> Problem details: Output the data below exactly, images excluded.

> Provided data:
______

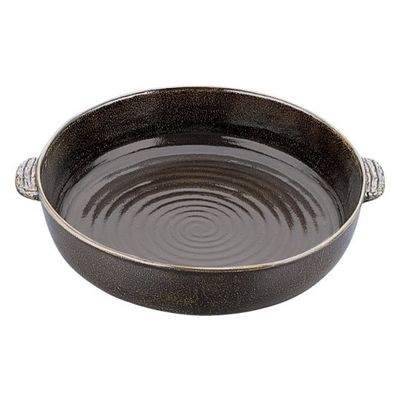遠藤商事 アルミ電磁用手付ドラ鉢 黒アメ釉 尺2 62-6675-26 1個（直送品）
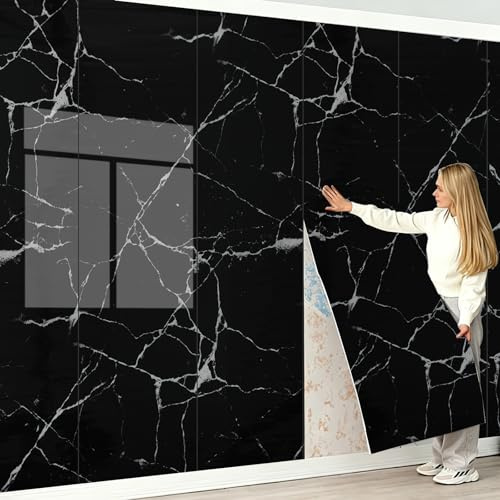 Camiraft Black Marble Wall Panels Peel and Stick,40 x 300 cm Self Adhesive Wall Panels Roll 2.3mm Thick Marble Wallpaper PVC Waterproof Foam Wallpaper for Kitchen,Living Rooms,Bedrooms TV Walls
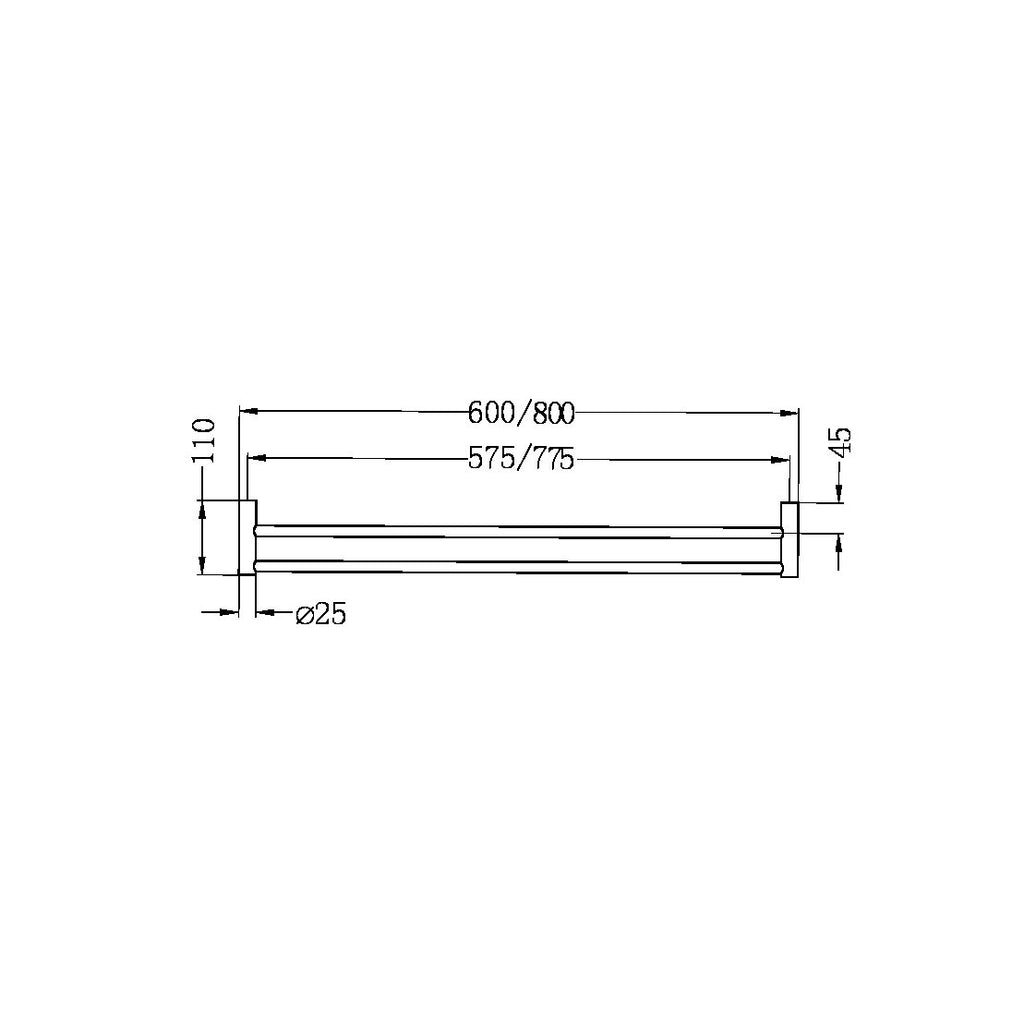 Nero New Mecca Double Towel Rail 800mm - Brushed Nickel - NR2330dBN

______

> Written response:
遠藤商事 アルミ電磁用手付ドラ鉢 黒アメ釉 尺2 62-6675-26 1個（直送品）
 Camiraft Black Marble Wall Panels Peel and Stick,40 x 300 cm Self Adhesive Wall Panels Roll 2.3mm Thick Marble Wallpaper PVC Waterproof Foam Wallpaper for Kitchen,Living Rooms,Bedrooms TV Walls
 Nero New Mecca Double Towel Rail 800mm - Brushed Nickel - NR2330dBN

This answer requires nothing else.